My leadership project this summer focused on a nonprofit initiative that has been important to me for several years now: college access to low-income, first-generation communities.
Matriculate is a nonprofit that matches college students to mentor lower income highschool seniors throughout their college application process. The nonprofit focuses on training mentor volunteers(colleges students like myself) who provide informational and social support for communities who typically do not have that support when applying to college.

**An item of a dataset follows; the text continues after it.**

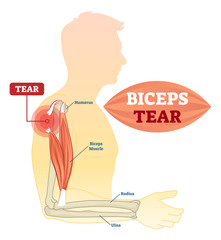 Biceps tear vector illustration. Labeled medical scheme with humerus, muscle, radius and ulna isolated closeup. Anatomical diagram with human arm, elbow and shoulder.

I started my journey with Matriculate two college application cycles ago, and since then I have mentored seven college students to get into colleges. This mentorship is important because these students are typically students from backgrounds in which their parents have not gone to college themselves, so they have little support in the hidden curriculum of the college application process. From mentoring and working as an intern in recruitment for a semester last year, I have come to better understand the many discrepancies in knowledge for students applying to college. For example, many high achieving lower-income students don’t recognize that many institutions within the country actually support full need, meaning that some private institutions can be much more affordable than their state schools or public institutions. The challenge, though, is gaining acceptance to one of these institutions especially considering the most selective universities across the country are typically the ones that provide the best financial support for these students from these disadvantaged backgrounds.

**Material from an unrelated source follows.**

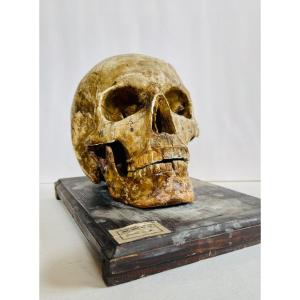 Human Skull 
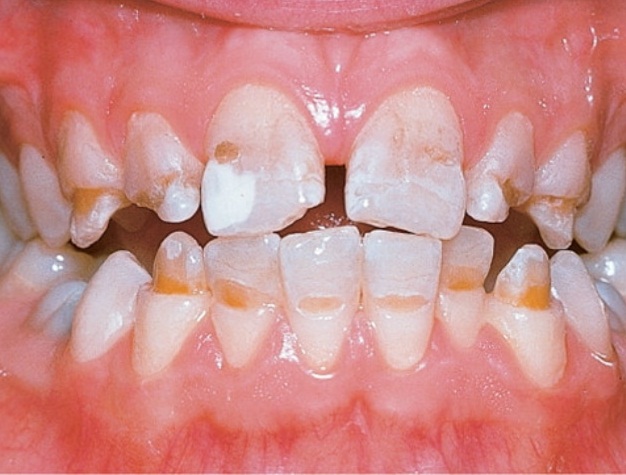 Деминерализация зубов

My life has changed attending a university that fits my ambition, my purpose, but most importantly, attending a university that supports me financially. Not having to stress and worry about financials for once in my life has truly helped me give myself the time I need to grow into the student and person I am today. Due to this close connection I have to the first-generation low-income community, I strive to do whatever I can to get my mentees into colleges that support them financially. Whatever it takes: sometimes that will be staying up late on Sunday evenings editing several drafts of essays, others it will just be calling my students to reassure them through the financial aid application.

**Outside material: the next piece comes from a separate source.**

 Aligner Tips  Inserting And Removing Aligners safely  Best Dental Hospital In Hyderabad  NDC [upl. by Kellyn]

College access is important, and from my work with Matriculate I decided that throughout COVID19, I foresaw a huge change occurring in the college application process. A change that I thought would likely negatively affect these high school students. With COVID19 and the changes to the college application process, like SAT/ACT exams being optional and other parts of applications being weighted more, I found it necessary to launch my own website Strive25. Strive25 aimed to provide high school students important resources about the application process. I also hoped to provide any student, even outside of Matriculate, a way to connect with me personally and even with other college students who go to top universities across the country. I knew that college visits were not going to be as feasible due to travel restrictions during COVID, so I wanted high school students to be able to email and connect with a student at any university who was also first-gen low income. This one-on-one connection, I hoped, would allow the students a better understanding of the universities considering they likely wouldn’t even have the chance to step on campus (especially or students getting into colleges 1000s of miles away from their hometown). My work for Strive25 was centered on the idea that disadvantaged students deserved as much guidance as they could get throughout the sanity that was COVID19, and I hoped that through it I was easing the stress and confusion that the college process was during 2020-2021 application cycle.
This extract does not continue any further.